Short descriptive text snippets:

━━━

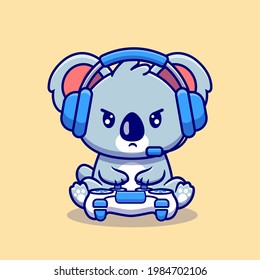 Cute Koala Gaming Cartoon Vektorsymbol Illustration. Animal Technology Icon Konzept isolierter Premium-Vektorgrafik. Flachbildkartonstil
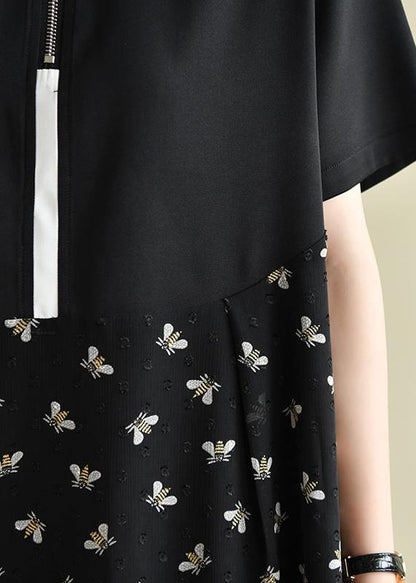 DIY black Bee print lapel patchwork short summer Dress - SooLinen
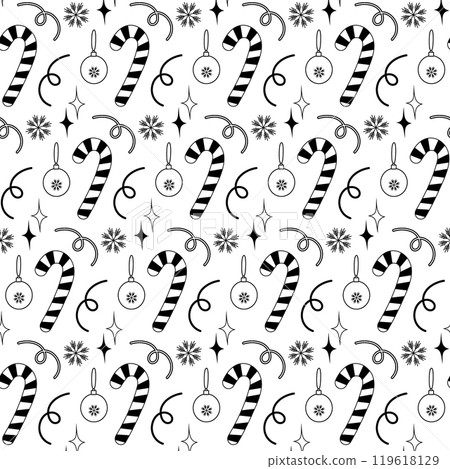 Candy Cane, Christmas tree toys, snowflakes, serpentine and stars Seamless pattern in trendy doodle 119618129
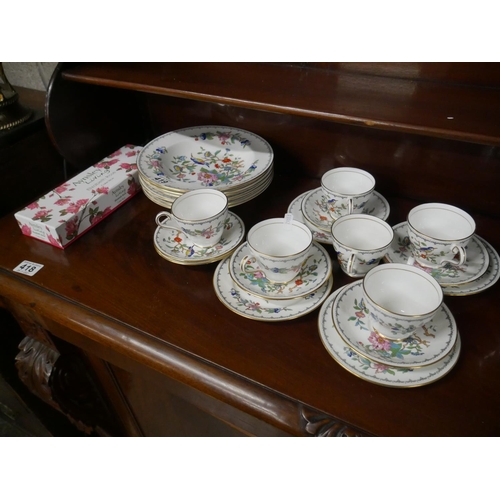 419 - AYNSLEY PART TEA SET & BOWLS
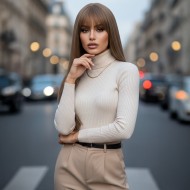  Düz Perçemli Uzun Fiber Sentetik Peruk - Bebek Kumralı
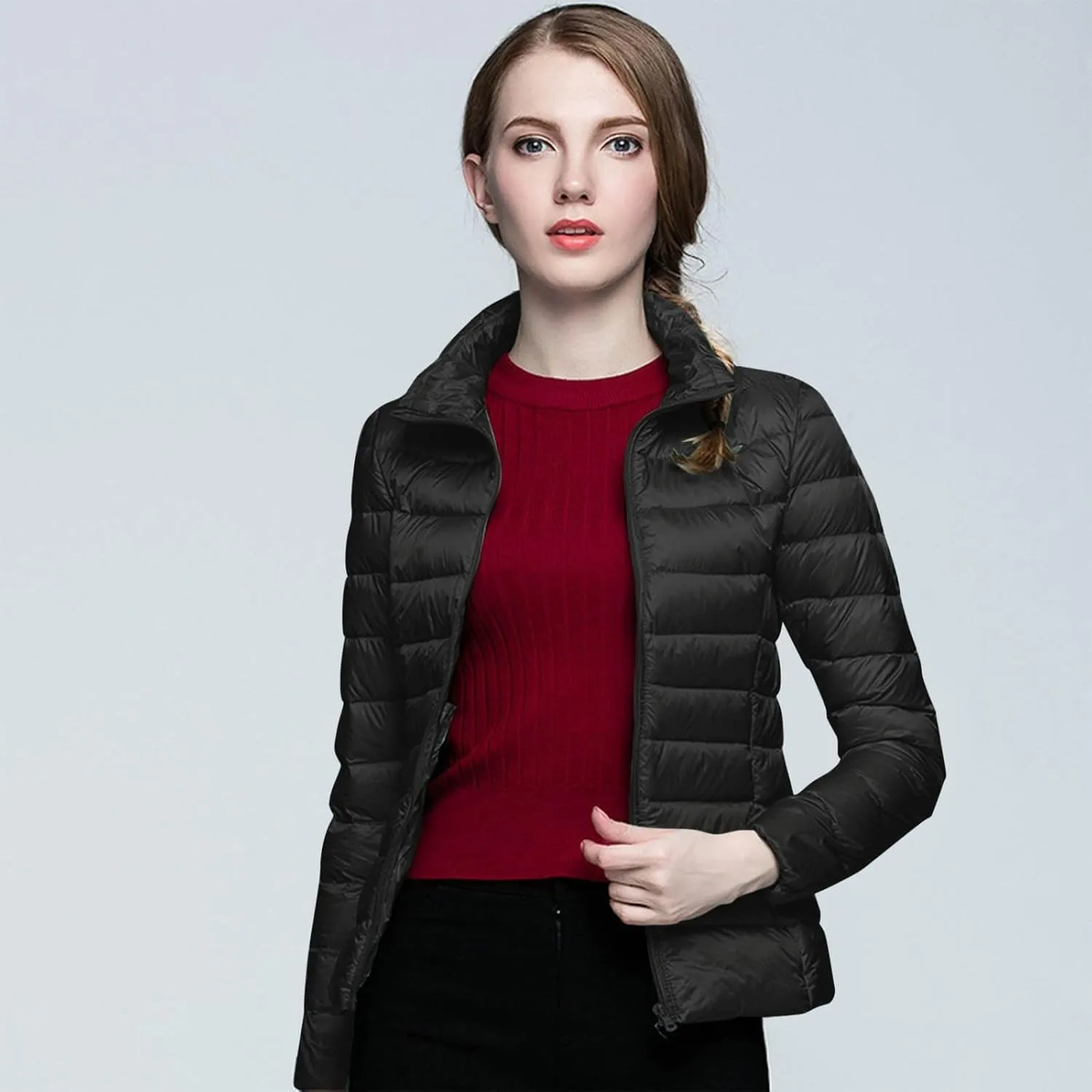 Womens Lightweight Puffer Jacket Packable Stand Collar Quilted Down Coats 2024 Winter Warm Down Jackets with Pockets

━━━

What you should do: From the first line to the last, give the data again exactly, but without pictures.

Response area:
 Cute Koala Gaming Cartoon Vektorsymbol Illustration. Animal Technology Icon Konzept isolierter Premium-Vektorgrafik. Flachbildkartonstil
 DIY black Bee print lapel patchwork short summer Dress - SooLinen
 Candy Cane, Christmas tree toys, snowflakes, serpentine and stars Seamless pattern in trendy doodle 119618129
 419 - AYNSLEY PART TEA SET & BOWLS
  Düz Perçemli Uzun Fiber Sentetik Peruk - Bebek Kumralı
 Womens Lightweight Puffer Jacket Packable Stand Collar Quilted Down Coats 2024 Winter Warm Down Jackets with Pockets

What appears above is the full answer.